TASK DESCRIPTION: In the listing below, find the line with "Good morning everyone, I" and copy every line from there up to and including the line with "Really, really simple.", exactly and without pictures.

════════════════

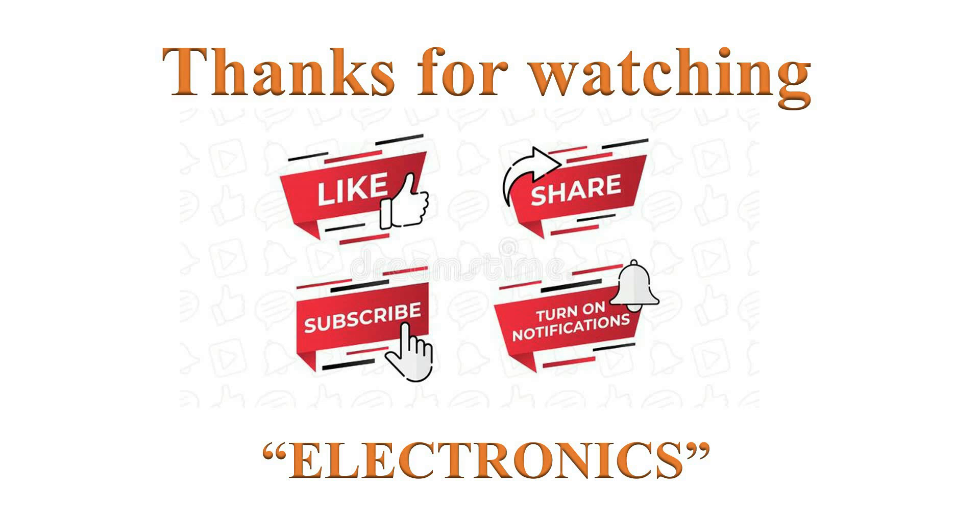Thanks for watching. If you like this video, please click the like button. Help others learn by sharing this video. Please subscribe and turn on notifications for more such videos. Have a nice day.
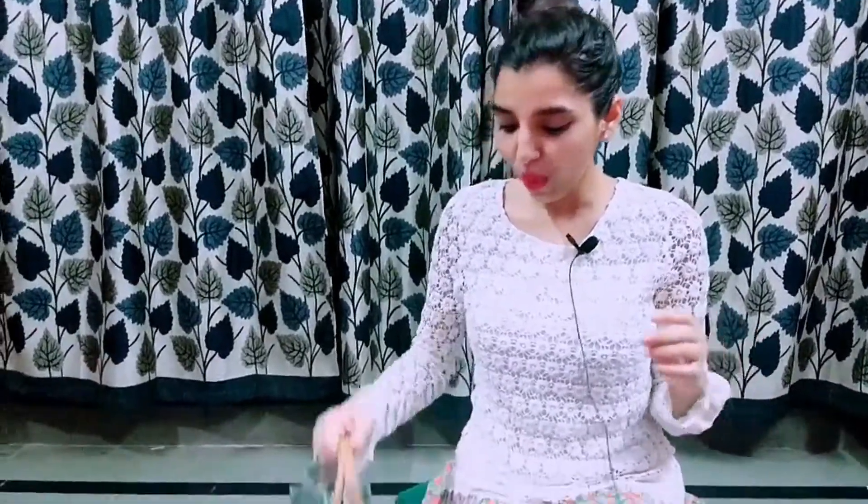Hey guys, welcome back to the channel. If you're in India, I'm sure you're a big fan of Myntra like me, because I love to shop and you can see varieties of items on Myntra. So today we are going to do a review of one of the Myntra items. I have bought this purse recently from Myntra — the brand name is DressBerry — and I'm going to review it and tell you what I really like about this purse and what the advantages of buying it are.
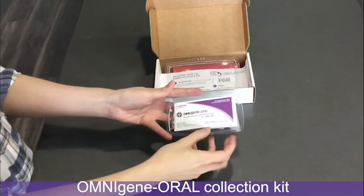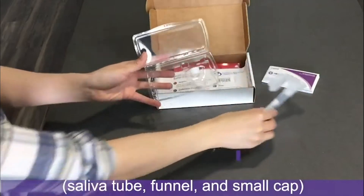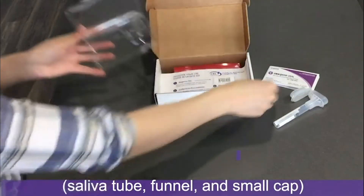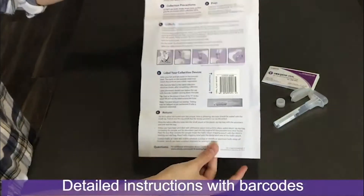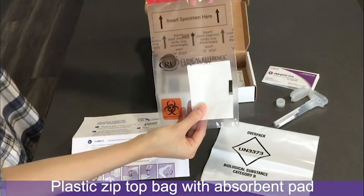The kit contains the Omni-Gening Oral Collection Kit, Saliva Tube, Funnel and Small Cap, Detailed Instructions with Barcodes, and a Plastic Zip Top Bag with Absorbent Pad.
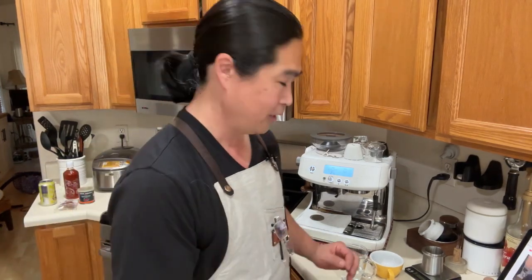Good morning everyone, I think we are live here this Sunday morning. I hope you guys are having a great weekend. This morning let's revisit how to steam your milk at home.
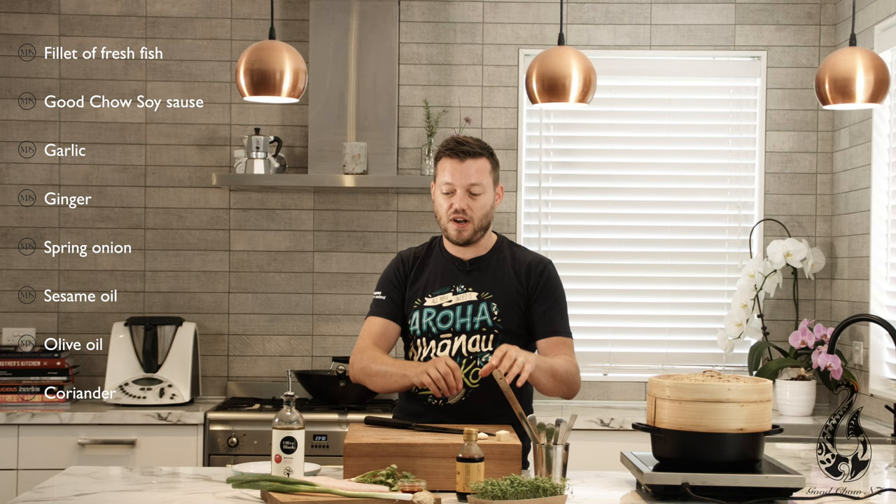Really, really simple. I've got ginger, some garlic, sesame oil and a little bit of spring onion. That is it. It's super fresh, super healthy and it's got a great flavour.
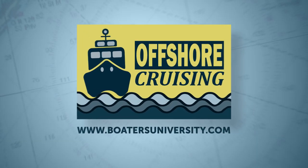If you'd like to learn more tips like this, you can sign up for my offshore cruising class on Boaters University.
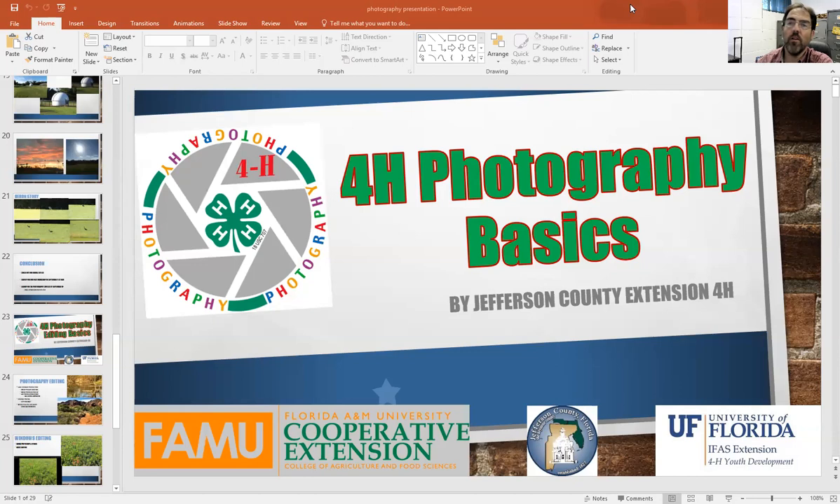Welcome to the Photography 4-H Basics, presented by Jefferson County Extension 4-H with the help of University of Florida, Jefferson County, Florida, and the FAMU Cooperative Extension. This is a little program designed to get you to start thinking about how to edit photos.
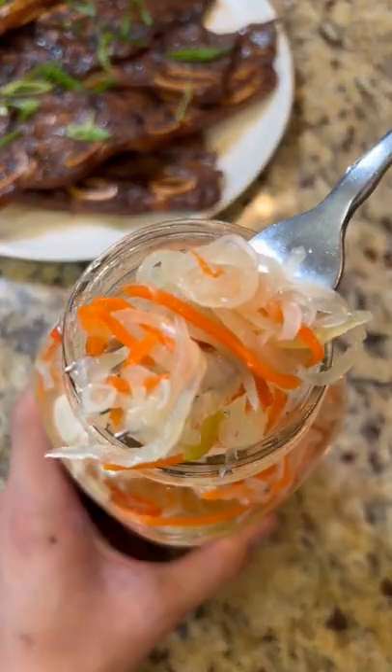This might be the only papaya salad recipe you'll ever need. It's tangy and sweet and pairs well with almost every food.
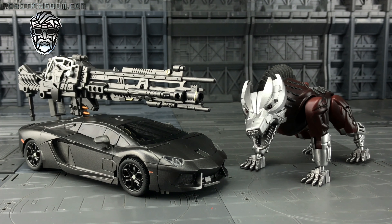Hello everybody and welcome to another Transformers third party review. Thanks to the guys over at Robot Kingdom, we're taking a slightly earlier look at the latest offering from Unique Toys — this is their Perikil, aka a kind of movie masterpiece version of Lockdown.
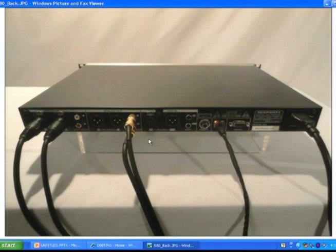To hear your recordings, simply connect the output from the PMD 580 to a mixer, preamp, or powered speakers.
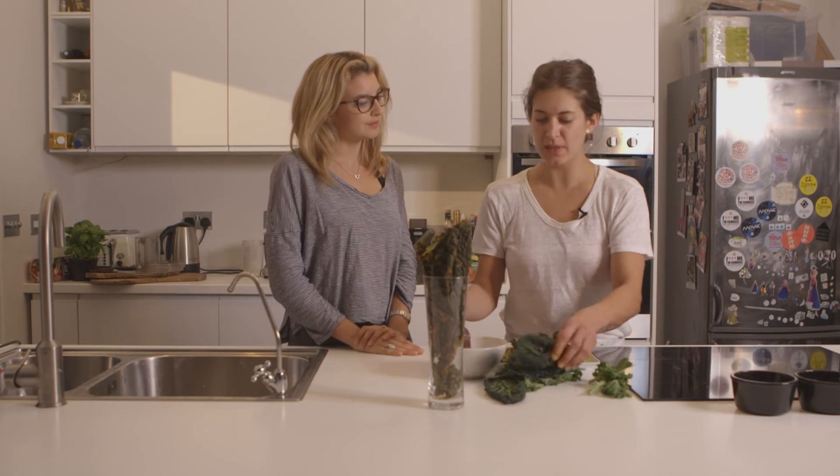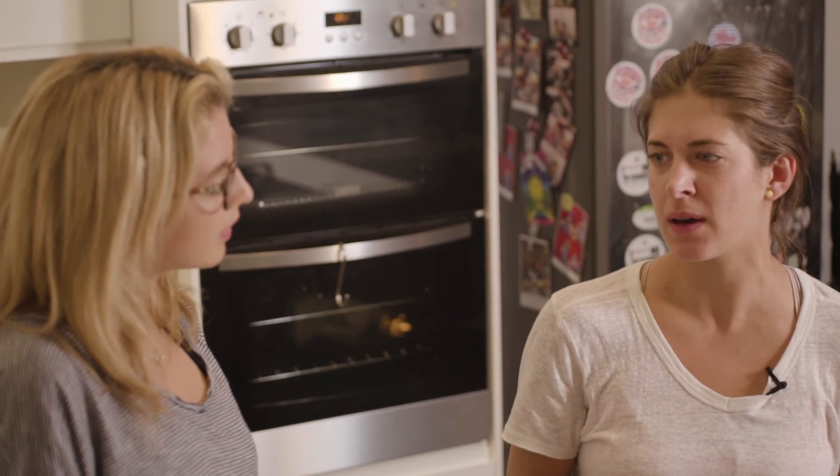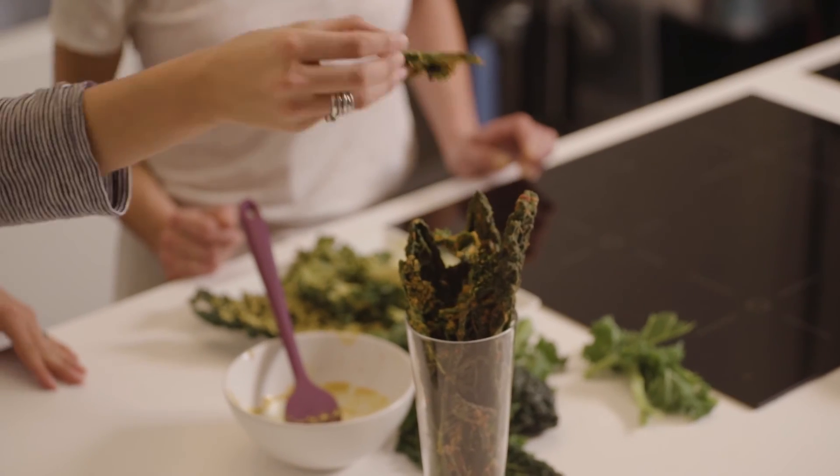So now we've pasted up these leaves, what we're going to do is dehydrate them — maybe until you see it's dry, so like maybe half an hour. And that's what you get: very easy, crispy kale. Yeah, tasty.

════════════════

SOLUTION TO THE PROBLEM:
Good morning everyone, I think we are live here this Sunday morning. I hope you guys are having a great weekend. This morning let's revisit how to steam your milk at home.
Really, really simple. I've got ginger, some garlic, sesame oil and a little bit of spring onion. That is it. It's super fresh, super healthy and it's got a great flavour.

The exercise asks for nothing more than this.